We are coffee experts, passionate about coffee, its in our name, its how we got started.

Tea is a side project for us, 5% of our sales. But we take it seriously. There's a whole world of tea. It grows in all different countries, and each country has a different varietal, a different terroir, a different processing method. The world of tea is just as exciting as the world of coffee.

Tea has a different strain of caffeine, and you can be used to drinking coffee, but if you rarely drink tea and have a mug of tea it will give you a buzz.

We just got in a pallet of tea, 1100 pounds of tea, that's like 300,000 mugs of tea. It's high end, super complex tasting teas, from passionate farmers, rare varietals, rare processes. A really expensive tea costs between $50 and $100 a pound.
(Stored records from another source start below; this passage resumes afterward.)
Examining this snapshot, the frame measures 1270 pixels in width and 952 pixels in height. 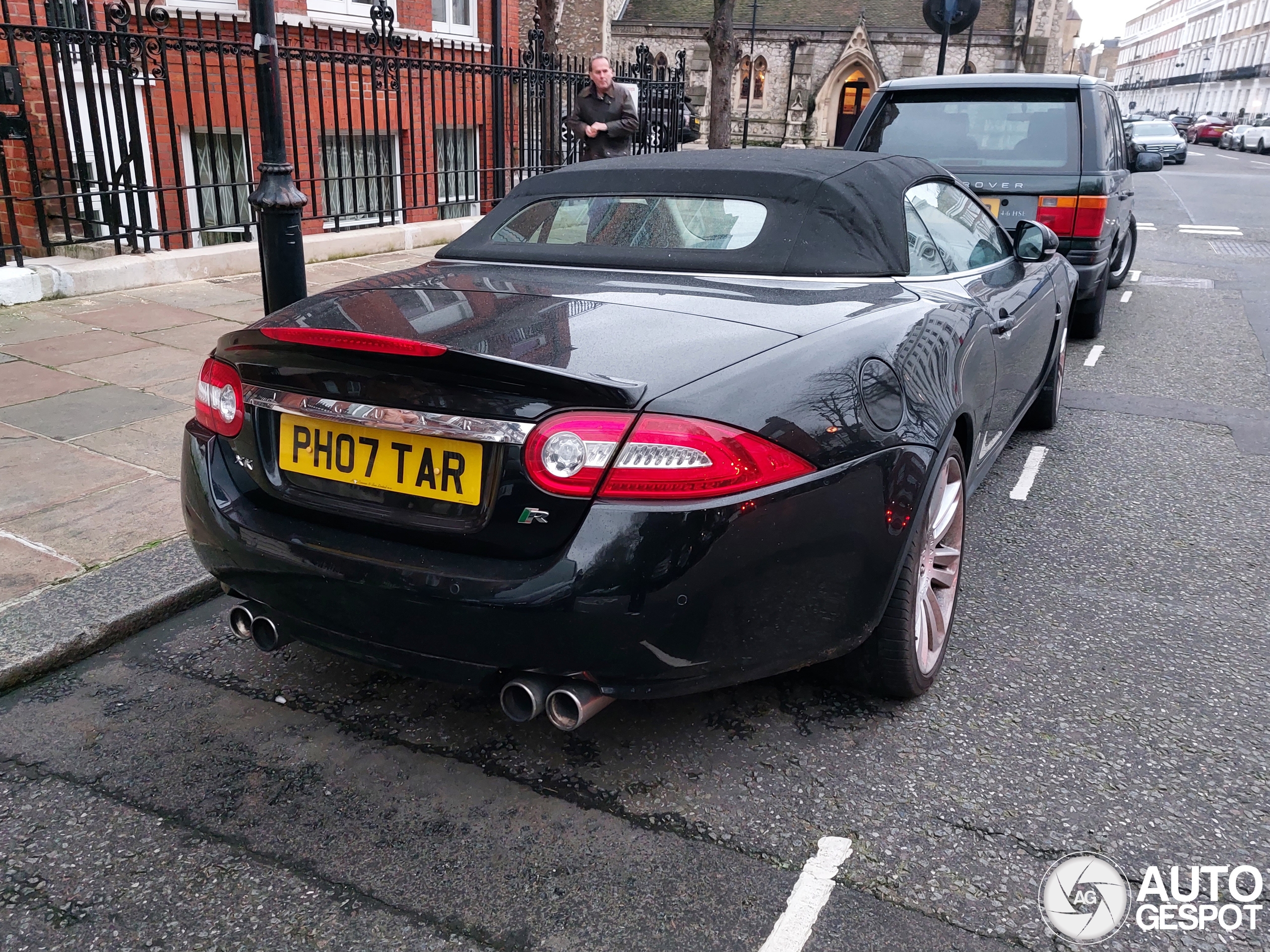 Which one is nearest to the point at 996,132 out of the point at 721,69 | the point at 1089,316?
the point at 1089,316

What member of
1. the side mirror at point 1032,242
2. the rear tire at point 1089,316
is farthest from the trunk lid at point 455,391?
the rear tire at point 1089,316

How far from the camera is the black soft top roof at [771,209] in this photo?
3205 millimetres

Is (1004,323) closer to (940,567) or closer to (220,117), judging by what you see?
(940,567)

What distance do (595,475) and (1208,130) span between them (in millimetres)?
80304

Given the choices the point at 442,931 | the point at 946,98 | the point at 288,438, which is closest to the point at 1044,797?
the point at 442,931

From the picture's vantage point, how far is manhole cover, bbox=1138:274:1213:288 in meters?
11.6

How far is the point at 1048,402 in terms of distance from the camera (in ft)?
19.0

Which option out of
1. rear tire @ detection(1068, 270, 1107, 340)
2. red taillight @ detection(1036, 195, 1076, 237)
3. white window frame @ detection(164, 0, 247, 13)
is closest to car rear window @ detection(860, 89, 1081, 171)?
red taillight @ detection(1036, 195, 1076, 237)

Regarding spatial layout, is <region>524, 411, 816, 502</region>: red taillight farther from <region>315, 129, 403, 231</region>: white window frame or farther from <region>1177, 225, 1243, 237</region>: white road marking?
<region>1177, 225, 1243, 237</region>: white road marking

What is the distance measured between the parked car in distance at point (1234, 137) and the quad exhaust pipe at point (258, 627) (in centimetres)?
7005

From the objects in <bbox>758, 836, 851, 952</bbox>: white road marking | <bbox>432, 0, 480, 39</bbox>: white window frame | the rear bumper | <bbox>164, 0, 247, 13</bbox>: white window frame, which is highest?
<bbox>432, 0, 480, 39</bbox>: white window frame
That's like 20-30 cents a mug of tea. A nice mug of coffee sells for $16 a pound. But that's $1 a mug. The rarest teas in the world are a third of the price as a nice coffee when you break it down.

Just saying, maybe you need some tea in your life. Pick a leaf off a tree and soak it in hot water and drink the water. Nasty right? But do it with a rare tea leaf and its a world of delicious flavors. Blows your mind. From a dried leaf????? How??

Most retailers upcharge the tea 400% and charge you $5 an ounce for normal tea. $40 an ounce for special tea. We upcharge 10%. The tea that costs us $50 a pound in bulk quantity to import, we'll sell it to you for $55. $3.50 an ounce. We just want to let you try it.

Tea lasts 20 years. You know that bag of coffee you just bought from us that starts losing flavor in 4 weeks? Nah. 20 years on tea. It's dried, preserved, waiting for the right situation to make you happy.

Buy a pack of Tea Filters from our Accessories page ($4) and then try some of the world's best tea and see if it hooks you:

White tea: Silver Needles -- the top fuzzy bud and leaf from each bush, the first picking. Used to be so rare, only the Chinese emperor drank it. It's still REALLY rare, but you can try a mug of it.

Oolong tea: Morning Mangolia. Take a light oolong, and surround it with magnolia blossoms. It's like a spiritual sensation that wakes up all of your senses.

Green tea: Iccha Kariban. Grown under intense shade grown conditions so that the chlorophyll is intense, and then steamed. Tastes like a mug of grass. Try a couple mugs of this one. The first one is odd, but it grows on you. You'll want to try it a few more times.

Yellow tea: High Mountain. Yellow tea is a green tea that they throw a wet blanket on while drying it, which makes it not taste like grass. There's an asparagus undertone, but some sweetness, almost broth-like, oddly satisfying. Yellow tea never really made it to the USA, but we carry it.

Black tea: Keemun Hao Ya A: Rumored to be the real cause of the Opium War because both sides wanted to be able to drink this tea every day. It's that delicious.

Herbal tea: NOT A TEA! Herbal tea is not from the tea plant, and doesn't have caffeine, and just is a concoction of herbs and roots and fruits and spices that taste good when steeped in hot water. That makes it REALLY inexpensive to produce. Autumn Spice is our blend of licorice root, cinnamon, cloves, and orange peel. It's fascinatingly sweet and soothing.